EYE OF THE CAT (1969) Blu-ray
Director: David Lowell Rich
Scream Factory/Shout! Factory

Scream Factory attempts to "take you beyond any fear you've ever known" with their Blu-ray unearthing of the Universal thriller EYE OF THE CAT.

When the health of his wealthy Aunt Danny (Eleanor Parker, THE TIGER AND THE PUSSYCAT) takes a turn for the worst with emphysema consigning her to spend much of her day in an oxygen tent and otherwise confined to a wheelchair, globe-hopping wastrel Wylie (Michael Sarrazin, THE REINCARNATION OF PETER PROUD) is drawn into a "caper" by his aunt's industrious hairdresser Kassia (Gayle Hunnicutt, THE LEGEND OF HELL HOUSE) to change her will in his favor.
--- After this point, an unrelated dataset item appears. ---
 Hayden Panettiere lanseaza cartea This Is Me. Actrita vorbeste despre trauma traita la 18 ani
Still regarded by his aunt as "the prince of her soul" even years after he ran off after pocketing five thousand dollars from her strongbox, Wylie has been temporarily supplanted in her affections not by his resentful younger brother Luke (Tim Henry, SUNDAY IN THE COUNTRY) who has thanklessly looked after her for his entire adult life thus far but by her "other heirs": a teeming clowder of feral cats that have overrun her San Francisco mansion. Suffering from an intense debilitating fear of cats since a childhood trauma, Wylie refuses to set foot in the house so long as the cats remain. Aunt Danny, whose affection for her nephew goes far beyond the appropriate, not only has Luke get rid of the cats but also decides to change her will to make Wylie sole beneficiary without any prompting. When his aunt's lawyer (Linden Chiles, MARNIE) advises Wylie that the cats will inherit the money if Aunt Danny dies before the will is signed and witnessed, someone else or something else may thwart their scheme as the cats mysteriously find their way back into the house one by one.
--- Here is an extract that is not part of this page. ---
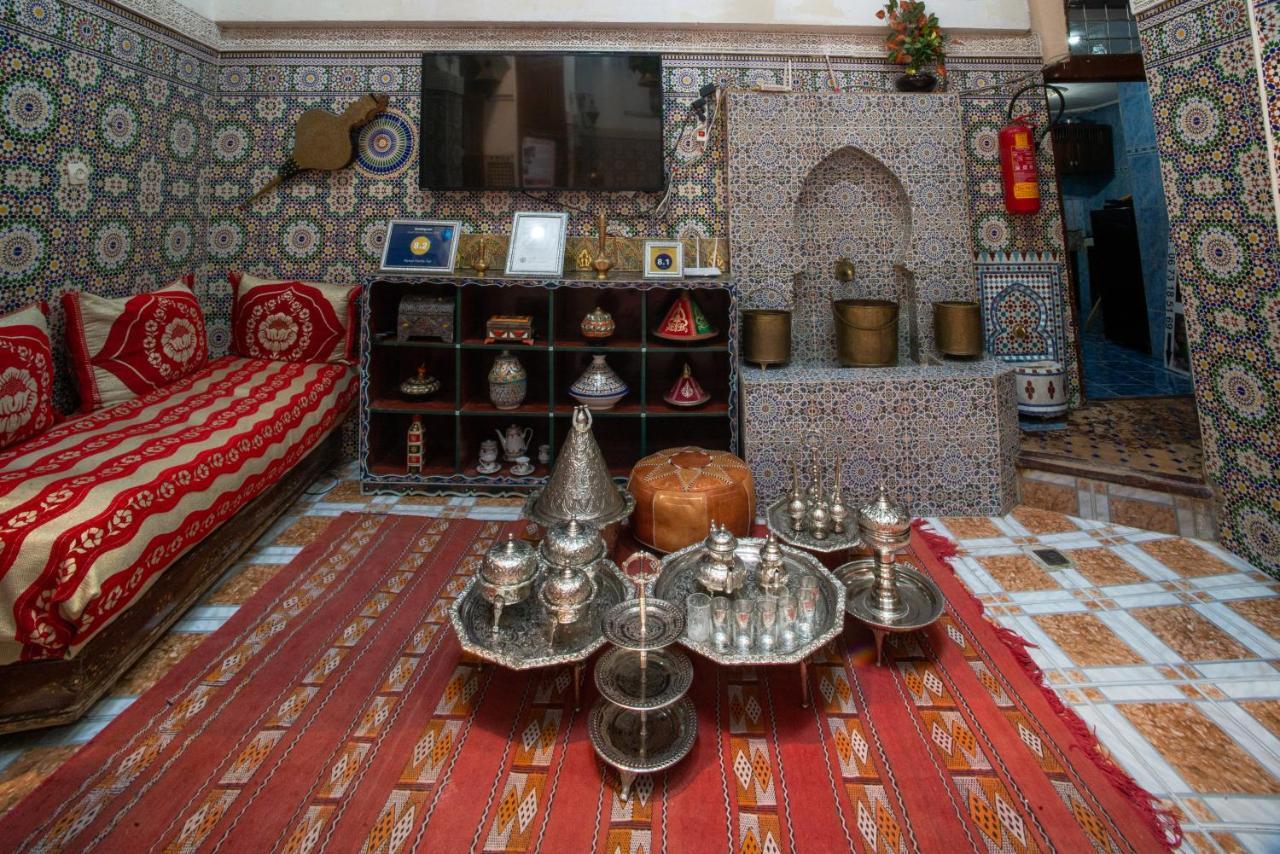 פס Maison Famille Tazi מראה חיצוני תמונה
Shot in vertiginous San Francisco with costumes by Edith Head (THE TROUBLE WITH HARRY), cats trained by Ray Berwick (THE BIRDS), and a script by Joseph Stefano (PSYCHO) – the latter two as much involved not so much for their Hitchcock credentials as being top-tier Universal Studio regulars – EYE OF THE CAT plays somewhat like Hitchcock crossed with Tennessee Williams (and maybe a side of Lillian Hellman). As the film reaches the halfway point, one realizes that the plot is significantly more complex than the inheritance caper, with Sarrazin's playboy coming across far less loathsome than he first appears if only because he first seems more interested in the girl than the cash ("there's something obscene about wanting money") and then seeming to throw monkey wrenches into the works of the scheme not so much out of a guilty conscience but in the spirit of "black fun." The film could actually have used a bit more playfulness – the notion of the supernatural is breached but we all know there is a more "logical" explanation – than it has since the filmmakers seemed to have realized before the climax that the audience will have already guessed the third act revelations and then proceed to throw one twist on top of another until the final surprise has one wishing that the studio had hired Robert Bloch instead of Stefano and carried the climax in the more grisly poetic justice angle in which it had been heading. The film is essentially a chamber piece, but the film upsets its claustrophobic atmosphere with a happenin' night-on-the-town sequence in which Wylie and Kassia attend a barge party full of hippies, bohemians, fey gays ("I told my mother I was a latent homosexual, and she said 'better latent than never'") and mannish lesbian bass players that degenerates into a girl fight when one of Wylie's exes (Jennifer Leak, THE INCUBUS) accosts Kassia in the ship's head. Producer Bernard Schwartz had previously backed the British-lensed THE SHUTTERED ROOM the year before and would later produce the Richard Franklin's Hitchcockian ROAD GAMES as well as his PSYCHO II, while co-producer Leslie Stevens was better known as the creator of THE OUTER LIMITS. Under contract with Universal, director David Lowell Rich helmed only a few features (including the disaster flick THE CONCORDE… AIRPORT '79) and worked primarily in episodic television and TV movies, including the more memorable THE HORROR AT 37,000 FEET and SATAN'S SCHOOL FOR GIRLS.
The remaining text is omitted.